### [DATA IN THIS EXERCISE]
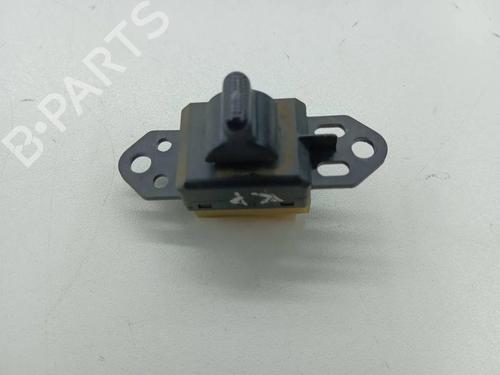 Left front window switch CHRYSLER VOYAGER IV (RG, RS) 2.5 CRD | BP33909667I27 - Image 2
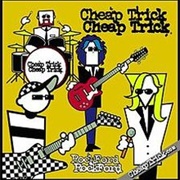 Cheap Trick - Rockford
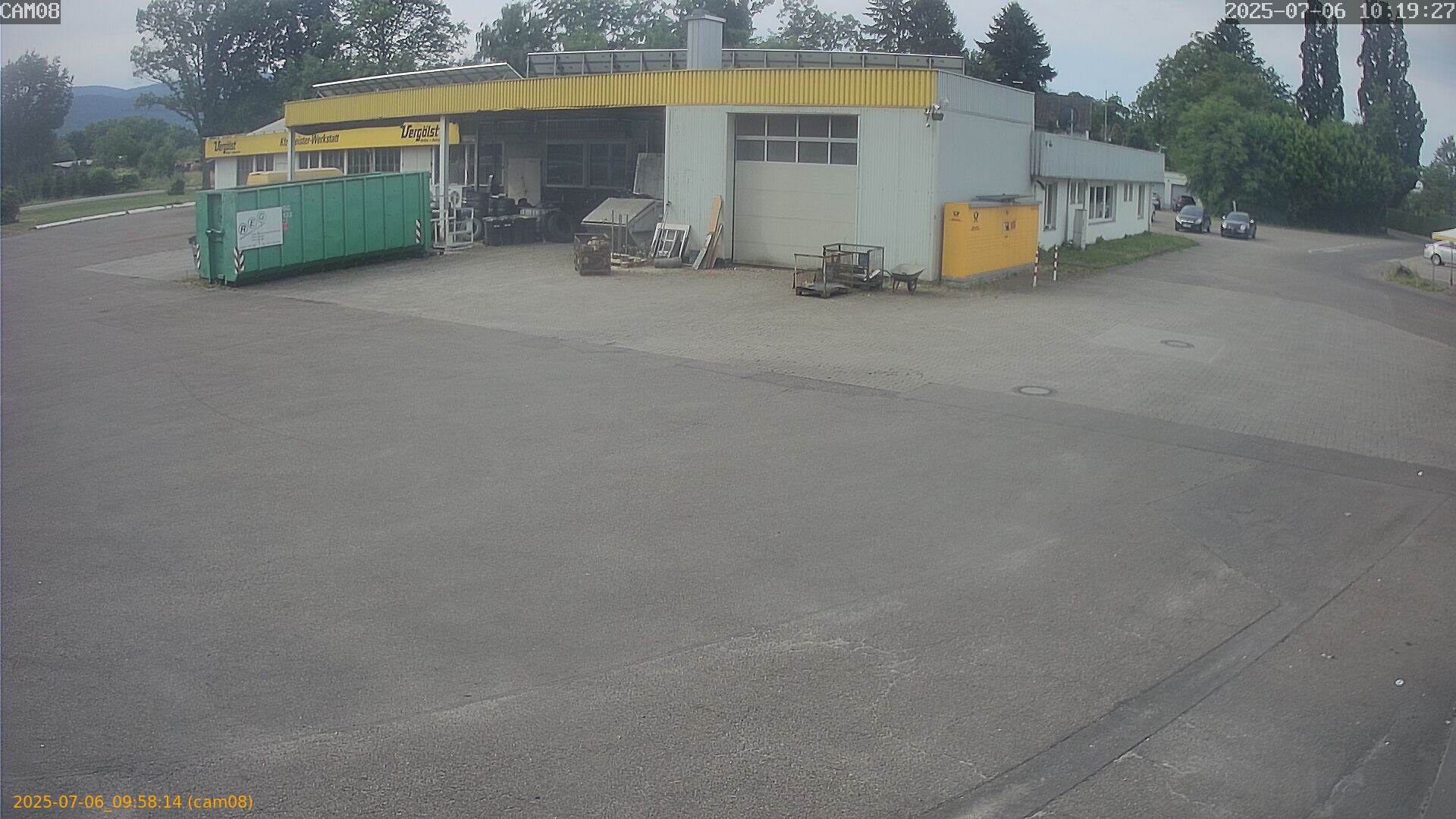 thumbnail_20250706095814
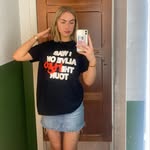 maya - @mayasutherland_ - Instagram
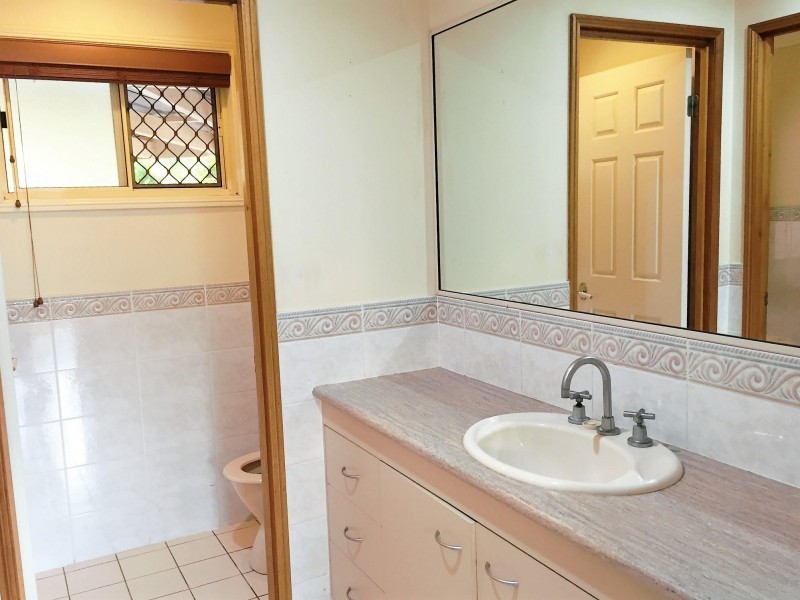 6 Romney Close, Birkdale QLD 4159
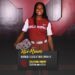 Oklahoma Does It Again: Another Top 5  American 2025 Player Headed to the Sooners with Commit of Kai Minor….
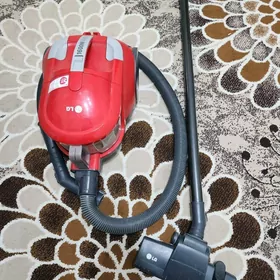 Plesos LG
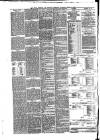 Wigan Observer and District Advertiser Saturday 04 March 1882 Page 8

### [TASK GOAL]
Could the material above be given again in full and exactly, with its pictures left out?

### [EXERCISE RESPONSE]
 Left front window switch CHRYSLER VOYAGER IV (RG, RS) 2.5 CRD | BP33909667I27 - Image 2
 Cheap Trick - Rockford
 thumbnail_20250706095814
 maya - @mayasutherland_ - Instagram
 6 Romney Close, Birkdale QLD 4159
 Oklahoma Does It Again: Another Top 5  American 2025 Player Headed to the Sooners with Commit of Kai Minor….
 Plesos LG
 Wigan Observer and District Advertiser Saturday 04 March 1882 Page 8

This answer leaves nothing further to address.